• **HOW TO COMPLETE THIS TASK**
Your response to the data below should hold nothing except the lines from the one containing "Senior people relaxing" down to the one containing "Chica con el", reproduced exactly and without pictures.

• **RECORDS PROVIDED**
'''

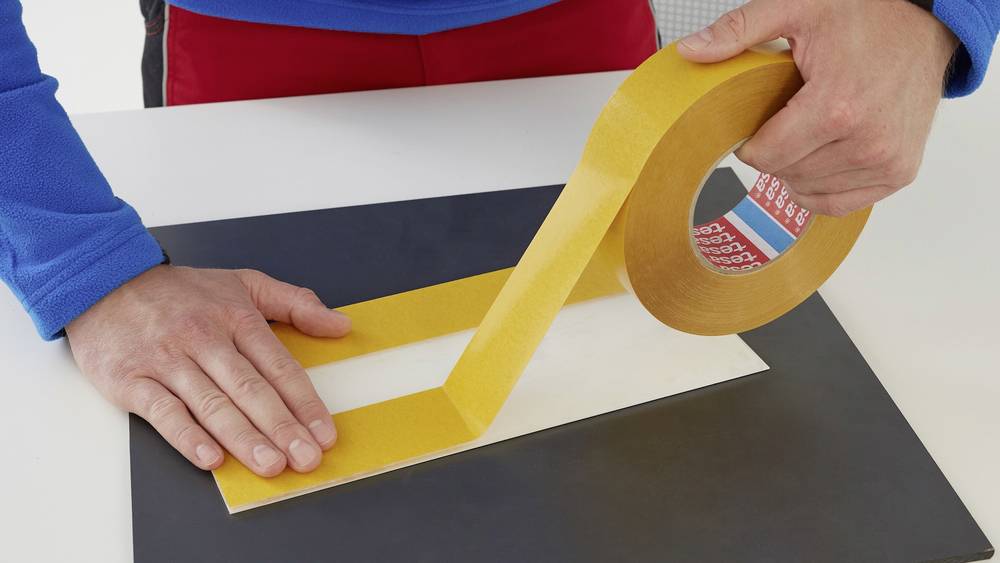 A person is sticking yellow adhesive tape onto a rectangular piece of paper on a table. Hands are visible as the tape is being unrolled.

'''
'''

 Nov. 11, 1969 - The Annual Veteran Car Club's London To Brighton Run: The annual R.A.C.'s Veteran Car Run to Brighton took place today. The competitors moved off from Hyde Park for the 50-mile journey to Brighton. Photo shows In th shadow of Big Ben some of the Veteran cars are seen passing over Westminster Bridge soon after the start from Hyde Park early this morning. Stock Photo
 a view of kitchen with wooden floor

'''
'''

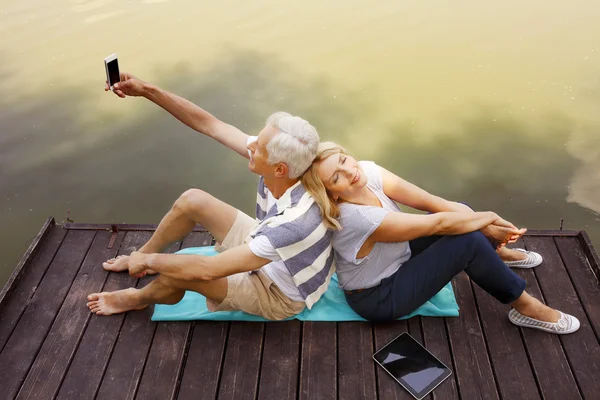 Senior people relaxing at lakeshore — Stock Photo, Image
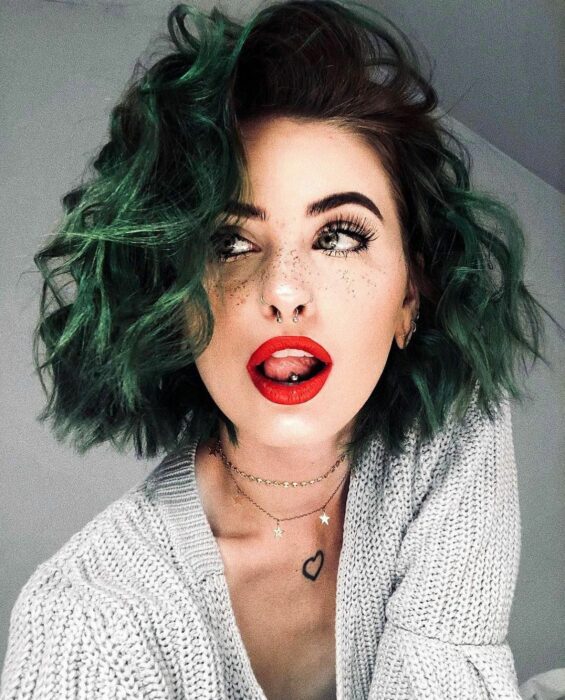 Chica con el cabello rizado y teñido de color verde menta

'''

• **ANSWER AREA**
 Senior people relaxing at lakeshore — Stock Photo, Image
 Chica con el cabello rizado y teñido de color verde menta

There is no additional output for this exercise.